Newpaper article for impending John Cale show on 01/07/89, (with Lou Reed), Church of St. Ann and the Holy Trinity, Brooklyn Heights, New York, NY - "Songs for 'Drella".

New York Times

"Recalling A Pop Artist And a Friend"
By STEPHEN HOLDEN
Published: January 6, 1989

''Andy, it's me / Haven't seen you for a while / I wish I had talked to you more when you were alive,'' begins the elegiac lyric for ''Hello It's Me,'' one of 14 new songs written by John Cale and Lou Reed for their new musical suite, ''Songs for 'Drella.''

It is a work in progress that will receive its first public performances tomorrow and Sunday at the Church of St.
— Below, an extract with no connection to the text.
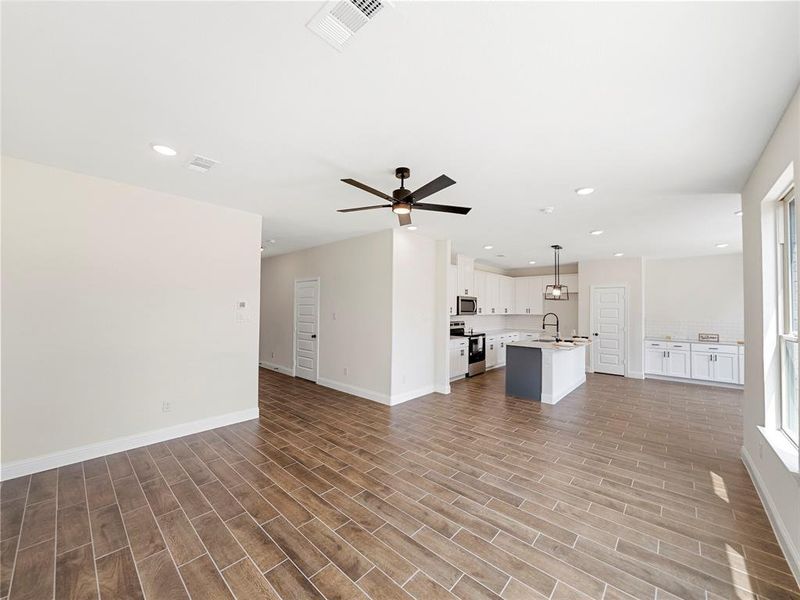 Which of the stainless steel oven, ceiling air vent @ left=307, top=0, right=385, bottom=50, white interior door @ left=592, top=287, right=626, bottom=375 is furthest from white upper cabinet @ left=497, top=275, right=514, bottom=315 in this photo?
ceiling air vent @ left=307, top=0, right=385, bottom=50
Ann and the Holy Trinity, 157 Montague Street, at Clinton Street, in Brooklyn Heights. ''Songs for 'Drella'' is a tribute to Andy Warhol, who originally sponsored the Velvet Underground, the influential rock band that Mr. Cale and Mr. Reed founded in 1965. The song cycle has reunited two musicians who have not collaborated since 1968, when Mr. Cale quit the group.

From now until December, when it is scheduled to be the closing event of the Next Wave Festival at the Brooklyn Academy of Music, ''Songs for 'Drella,'' is certain to expand from an intimate two-man concert into a much larger music-theater piece. But what that will entail is undecided. This weekend, the 14 songs, which affectionately remember the life and times of the Pop artist, will be performed by Mr. Reed (voice, guitar) and Mr. Cale (voice, amplified viola, keyboards) without interruption and with no special effects. How It Started

The idea of writing some sort of requiem for Warhol was suggested to Mr. Cale by the artist Julian Schnabel at a party shortly after Warhol's death. Mr. Cale has begun an all-instrumental requiem and plans to complete it, but in the meantime his reunion with Mr. Reed has produced ''Songs for 'Drella,'' which was commissioned jointly by Arts at St. Ann's and the Brooklyn Academy.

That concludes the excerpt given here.